DATA BELOW:
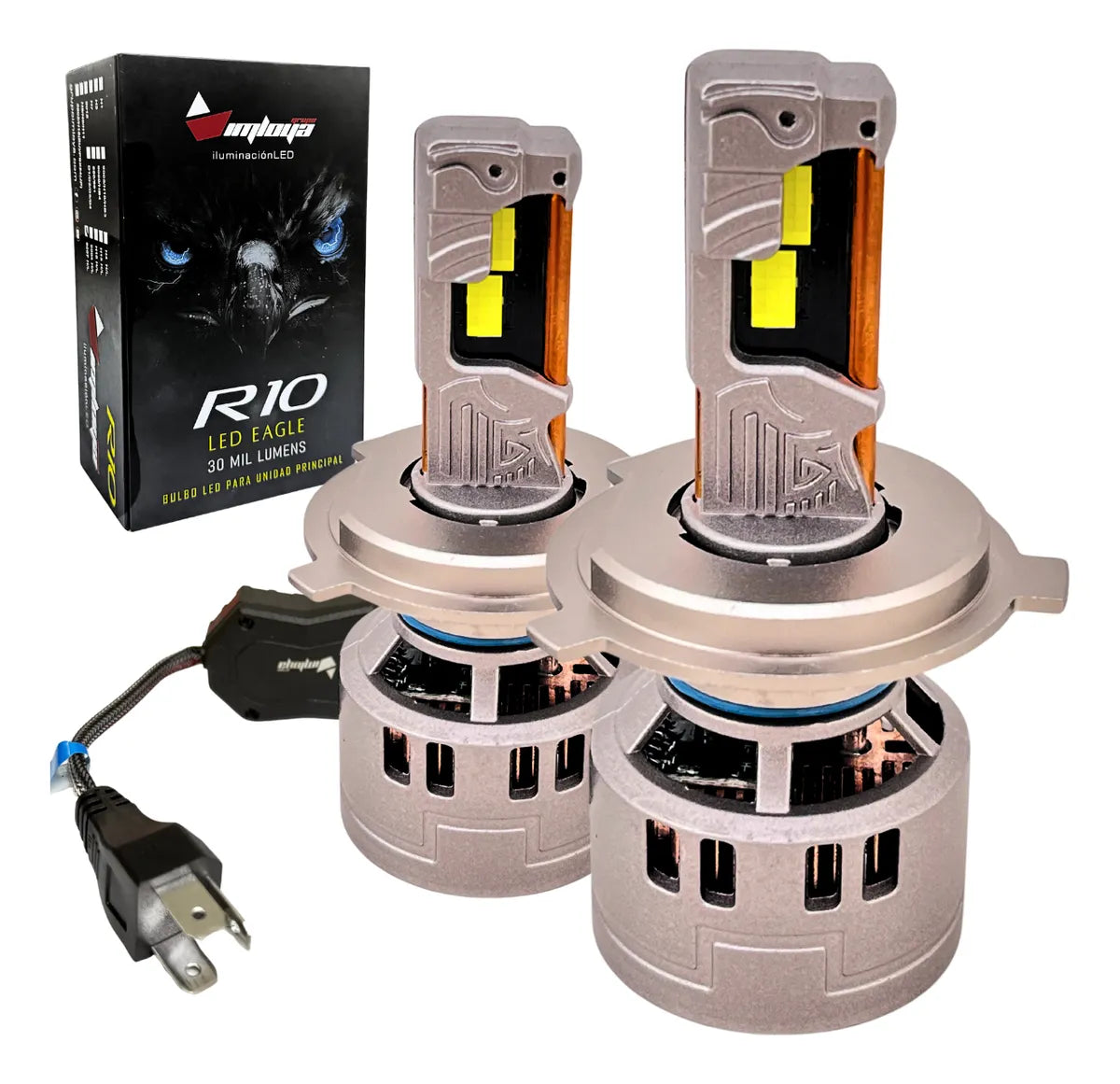 Juego de Focos LED R10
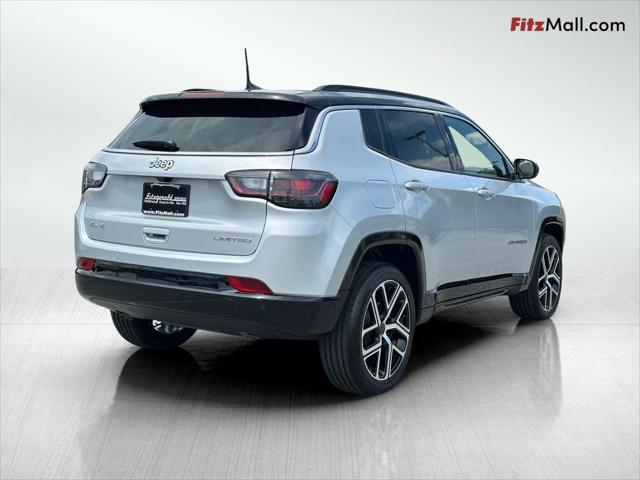 new 2025 Jeep Compass car, priced at $36,196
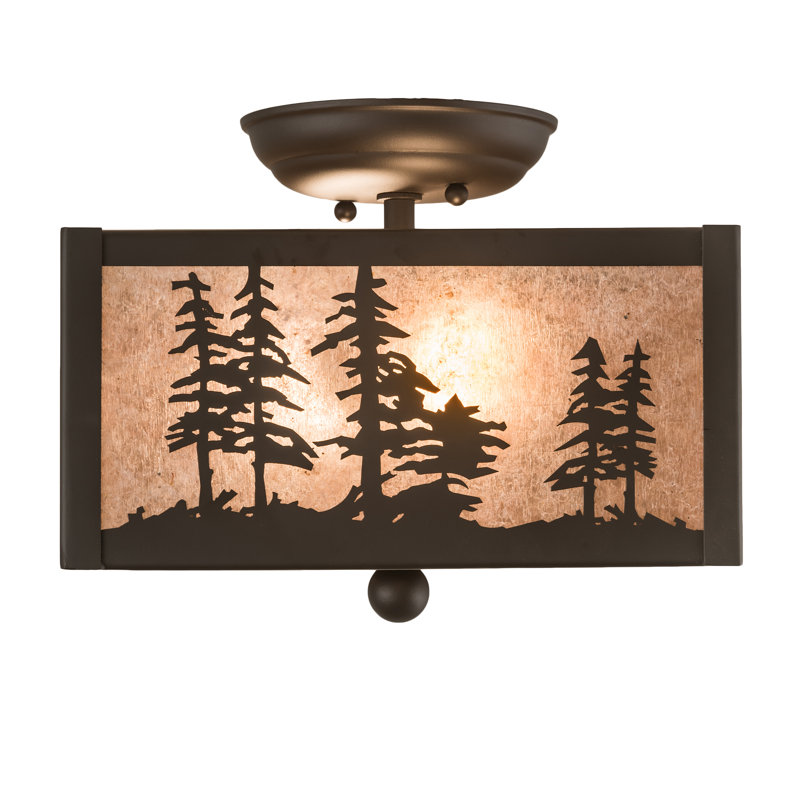 Yosef 2 - Light Semi Flush Mount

WORK TO BE COMPLETED:
Transcribe exactly the lines above, running from the one that contains "new 2025 Jeep Compass car, priced at $36,196" through the final line of the listing, and skip every picture.

WRITTEN RESPONSE:
 new 2025 Jeep Compass car, priced at $36,196
 Yosef 2 - Light Semi Flush Mount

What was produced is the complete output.